Having been tasked with investigating the ground conditions at a site in Oxfordshire to determine foundation requirements, depths and bearing capacity for the new residential dwelling; the initial investigation raised concerns about the bearing capacity of the bedrock underlying the site thanks to the disturbed nature of the samples recovered. Following a worst-case scenario would have jeopardised the project, so Ground & Water’s challenge was to investigate further to confirm the true bearing capacity of the chalk.

The Ground & Water Approach

Following the initial investigation and preliminary assessment it was decided however, that foundations constructed at the depths initially advised would have a bearing capacity of 100kN/m2. This was lower than the original design for the house and the whole project would have needed to be re-modelled and changed to accommodate for this. The reasoning for the low bearing capacity was because the only chalk identified was through windowless sampler boreholes.

The process of this drilling can cause chalk to be recovered as disturbed samples, not showing their natural form, meaning that the chalk must be assumed as a worse case scenario “Dm” chalk. “Dm” chalk is structureless, with the main soil type being a SILT. If this was the main soil type on-site, then the original worse case scenario 100kN/m2 would have been kept in place. However, it was advised that the bearing capacity could be safely raised to 200 – 225kN/m2 if the chalk could be inspected via trial holes – in situ. A second intrusive investigation was required and approved.

The return Investigation

 A return visit to the site was scheduled once the pit for the foundations had been dug.
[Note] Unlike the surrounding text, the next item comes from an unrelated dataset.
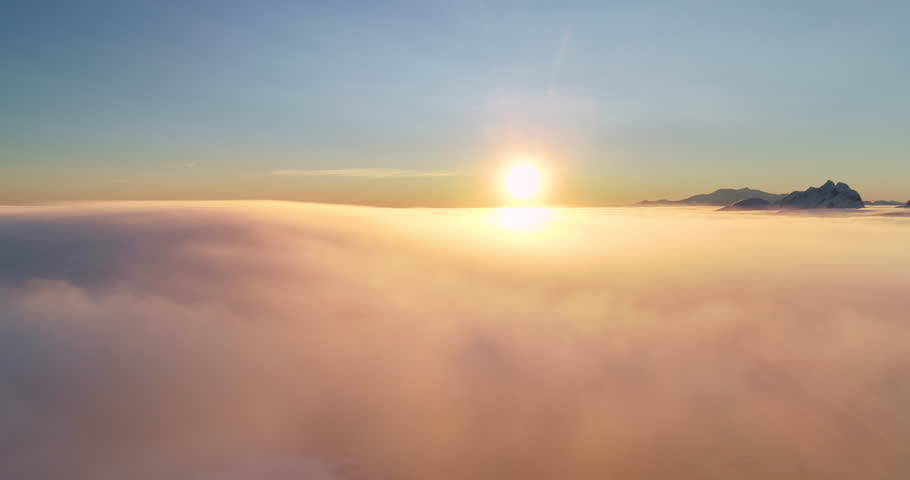 Mountain peak over sunset orange clouds sky. Tranquil scene morning sunrise fog sea overview. Sun shine over horizon, warm light texture. Nature background perfect landscape. Aerial panoramic flight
This was inspected, logged and sampled by a Ground & Water engineer. Thanks to the logging, and once the samples had come back from the lab to clarify, the chalk was classed as “Dc”. “Dc” chalk is also structureless, however the main soil type is a GRAVEL, rather than a silt. This type of chalk is therefore much stronger and has a better bearing capacity.


The Outcome

Once the site had been visited and the new description of the chalk confirmed, the bearing capacity could be safely raised to 225kN/m2. This meant that even a quick site visit to confirm the in-situ soils, saved the client time and money. This time and cost saving resulted from not needing to re-design the whole structure as originally planned, or even to design different types of foundations or widths to accommodate the original (low) bearing capacity log. A great outcome for our client which was down to investing in a second site visit and even more thorough investigation.